Thapliyal Khyati, Garg Ashutosh, Singh Vivek P
Department of Internal Medicine, BLK-Max Super Speciality Hospital, New Delhi, India.
J Family Med Prim Care. 2022 Nov;11(11):7430-7433. doi: 10.4103/jfmpc.jfmpc_724_22. Epub 2022 Dec 16.

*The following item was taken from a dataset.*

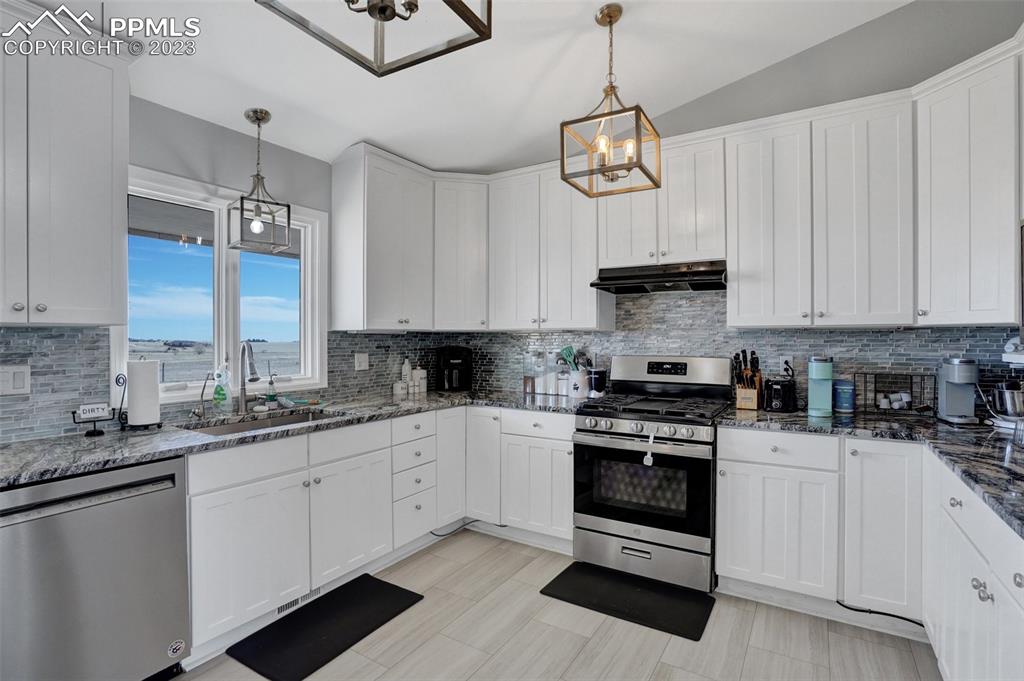3805 Curtis Road Peyton, CO 80831 - Photo 19 of 48 a kitchen with stainless steel appliances granite countertop a sink a stove and cabinets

Fever is a common symptom encountered in clinical practice. Hyperthermia, though infrequently encountered, can be genetical (malignant hyperthermia) or acquired when the body temperature rises beyond a certain set point that is controlled by the hypothalamus. We report a case of an elderly male who reported to us with hyperthermia, accelerated hypertension, and brain haemorrhage (as a sequelae of uncontrolled hypertension). A thorough clinical history pointed towards neuroleptic malignant syndrome (NMS). A remarkable response was observed with dantrolene and bromocriptine along with the discontinuation of the offending drug. With conservative management, the patient had complete recovery. This case highlights the importance of even sub-therapeutic drug dosage, particularly neuropsychiatric drugs, in the development of neurological catastrophe.
发热是临床实践中常见的症状。体温过高虽然不常见,但可能是遗传性的(恶性高热),也可能是后天获得性的,即体温升高超过下丘脑控制的某个设定点。我们报告一例老年男性病例,该患者因体温过高、高血压急症和脑出血(为未控制的高血压后遗症)前来就诊。详细的临床病史指向神经阻滞剂恶性综合征(NMS)。使用丹曲林和溴隐亭并停用致病药物后观察到显著疗效。经过保守治疗,患者完全康复。该病例强调了即使是亚治疗剂量的药物,尤其是神经精神药物,在引发神经灾难方面的重要性。